Alors que le dialogue annoncé par le gouvernement camerounais pour résoudre la crise anglophone est au point mort, les autorités ont mis en place des comités de vigilance qui risquent de diviser davantage la population.

10 Juil 2019    

 Ces comités de vigilance ont  été créés en 2012. Ils ont déjà été utilisées dans la lutte contre la secte islamiste Boko Haram. Désormais, ils vont aussi servir dans la crise anglophone, car l’Etat a décidé d’associer les populations contre les attaques des sécessionnistes.

"Contrairement à la menace de Boko Haram qui venait de l'extérieur, les séparatistes connaissent le terrain. Ils savent qui est qui. Ils se connaissent entre eux. Donc, il est plus facile pour eux de repérer les éléments civils qui tenteraient de s’adonner à de telles activités. Ils peuvent s'en prendre à ces civils. Ils peuvent s’en prendre à leurs familles. Donc, ce n'est  pas du tout un service rendu aux populations civiles que de les associer à ce genre de réponse",  redoute Joseph Léa Ngoula, analyste politique et sécuritaire.

Dialogue

La DW n’a pas réussi à joindre au téléphone les autorités politiques du Cameroun pour en savoir plus sur les raisons de la mise en place de ces comités de vigilance. Mais les autorités militaires ont estimé que la stratégie sera efficace, comme elle l'a été dans l’extrême-nord du pays, dans le cadre de la lutte contre Boko Haram.

"Il faut démilitariser la zone anglophone. Il faut appeler à un cessez-le feu. Il faut libérer les personnes incarcérées dans le cadre de cette procédure. Il y a de vraies mesures à prendre et notre gouvernement, les Camerounais ignorent pourquoi, refuse de les prendre pour que la crise s'arrête. C'est une fausse route. Il faut que l'Etat du Cameroun commence à prendre de bonnes mesures", suggère Emmanuel Simh, avocat au barreau de Yaoundé et 3e vice-président du Mouvement pour la renaissance du Cameroun, le parti de l'opposant en prison Maurice Kamto.

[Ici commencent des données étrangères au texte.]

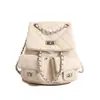 Mochila de alta calidad estilo Chanel para mujer, modelo nuevo 2026 en patrón de diamante rosa, versátil con múltiples bolsillos y asa de cadena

Par ailleurs, les séparatistes exigent  la libération de leur leader, Julius Sisiku Ayuk Tabe, arrêté en janvier 2018 au Nigeria, puis extradé au Cameroun, en compagnie de neuf autres cadres de son mouvement qui revendiquent l’indépendance de deux provinces anglophones du Cameroun. Leur procès a repris ce mardi matin (09.07) devant le tribunal militaire de Yaoundé. Chef d’inculpation : terrorisme et incitation à la violence.

 Les séparatistes anglophones du Cameroun exigent la création d'un Etat indépendant dans les régions du Nord-Ouest et du Sud-Ouest. En 2017, après un an de protestation, ils ont pris les armes contre le pouvoir de  Yaoundé. Le conflit a fait en  vingt mois 1.850 morts et au moins 530.000 personnes ont été poussées à quitter leur domicile selon l'ONU.